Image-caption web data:
-------
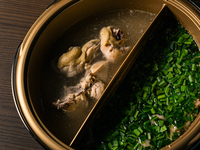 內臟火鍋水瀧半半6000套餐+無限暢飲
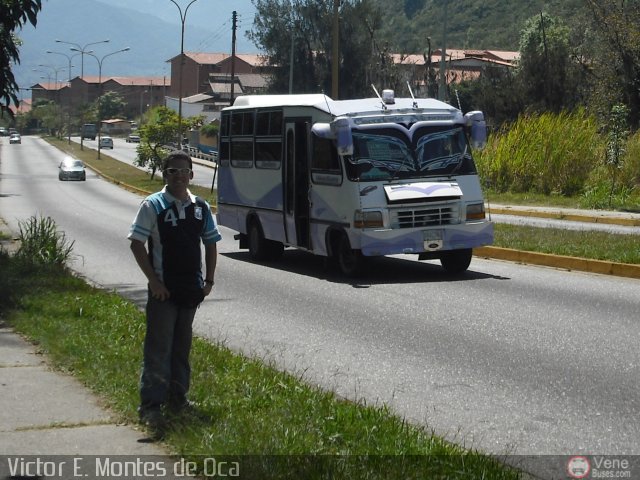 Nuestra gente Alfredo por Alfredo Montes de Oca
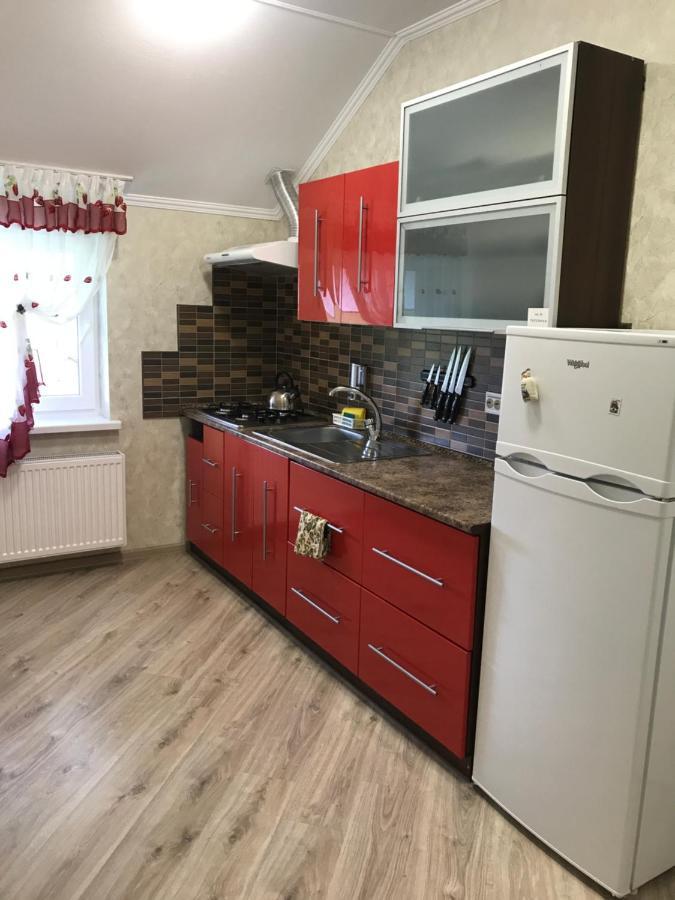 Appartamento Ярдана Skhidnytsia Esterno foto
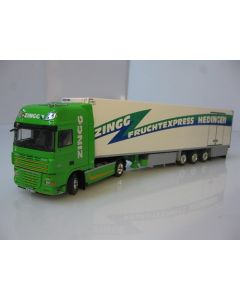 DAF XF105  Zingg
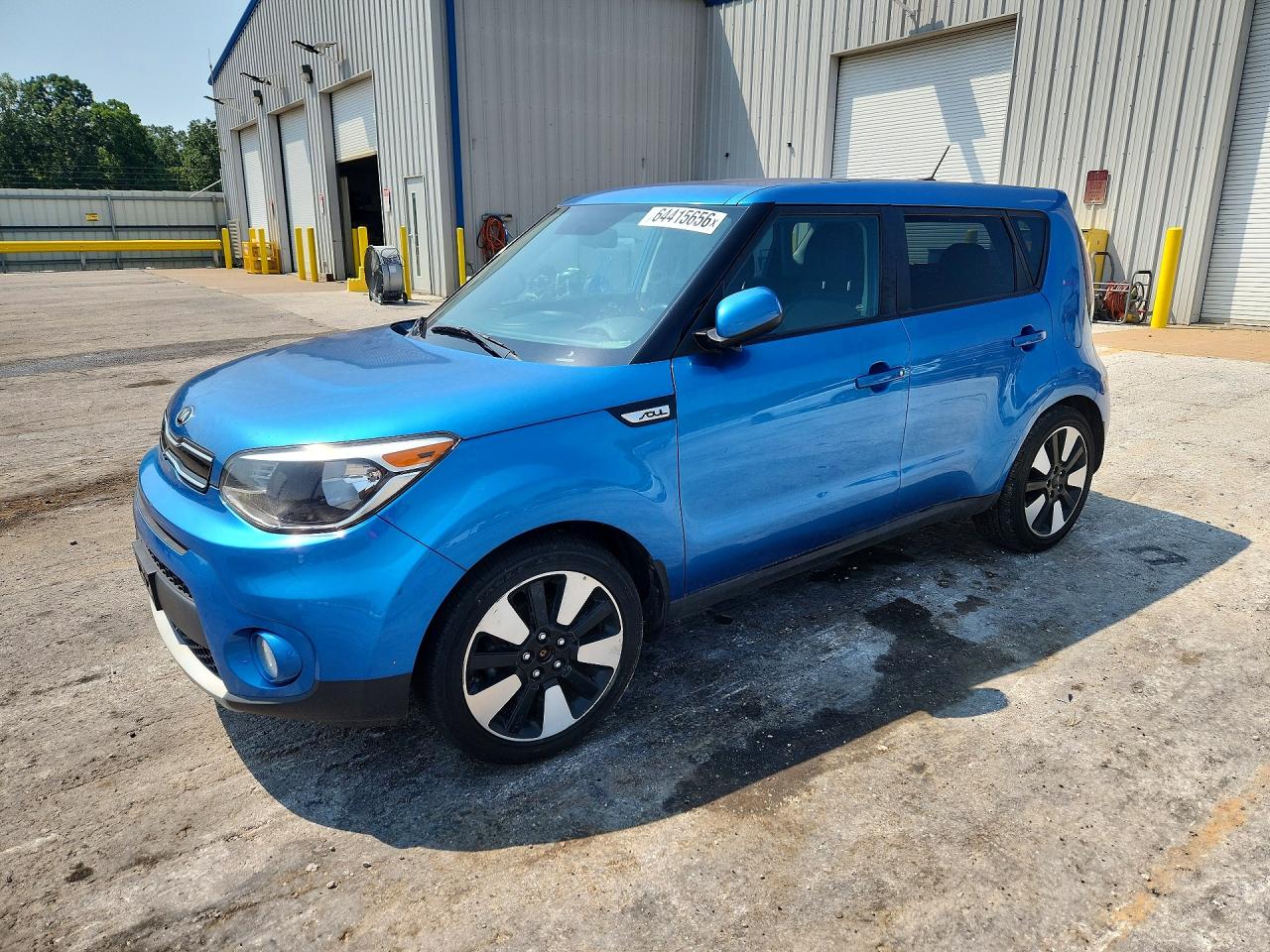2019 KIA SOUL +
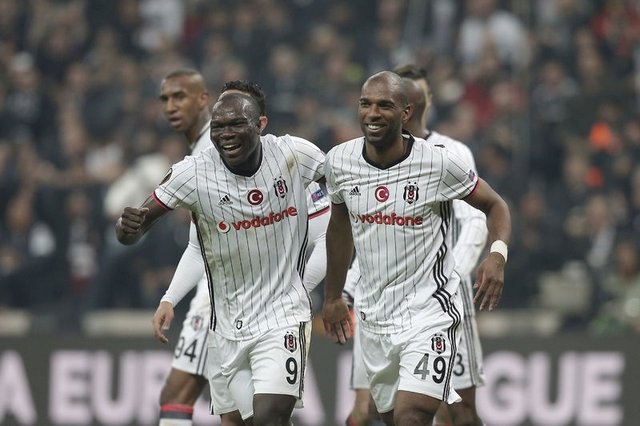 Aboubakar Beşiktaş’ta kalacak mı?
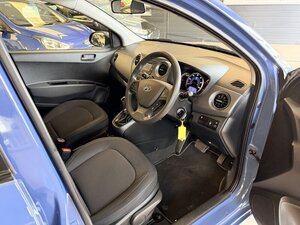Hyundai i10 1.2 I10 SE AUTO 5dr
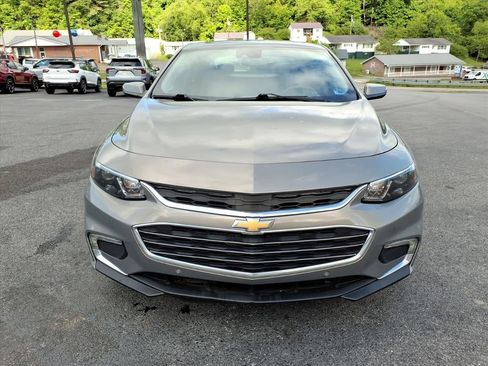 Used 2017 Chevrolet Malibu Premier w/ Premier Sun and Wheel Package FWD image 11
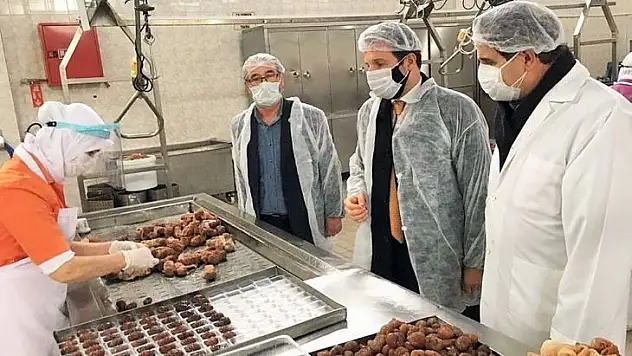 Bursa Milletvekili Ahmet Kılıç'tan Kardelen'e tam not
-------
Skip every picture. Repeat word for word the lines from the line holding "Nuestra gente Alfredo" through the end of the entries above.

 Nuestra gente Alfredo por Alfredo Montes de Oca
 Appartamento Ярдана Skhidnytsia Esterno foto
 DAF XF105  Zingg
2019 KIA SOUL +
 Aboubakar Beşiktaş’ta kalacak mı?
Hyundai i10 1.2 I10 SE AUTO 5dr
 Used 2017 Chevrolet Malibu Premier w/ Premier Sun and Wheel Package FWD image 11
 Bursa Milletvekili Ahmet Kılıç'tan Kardelen'e tam not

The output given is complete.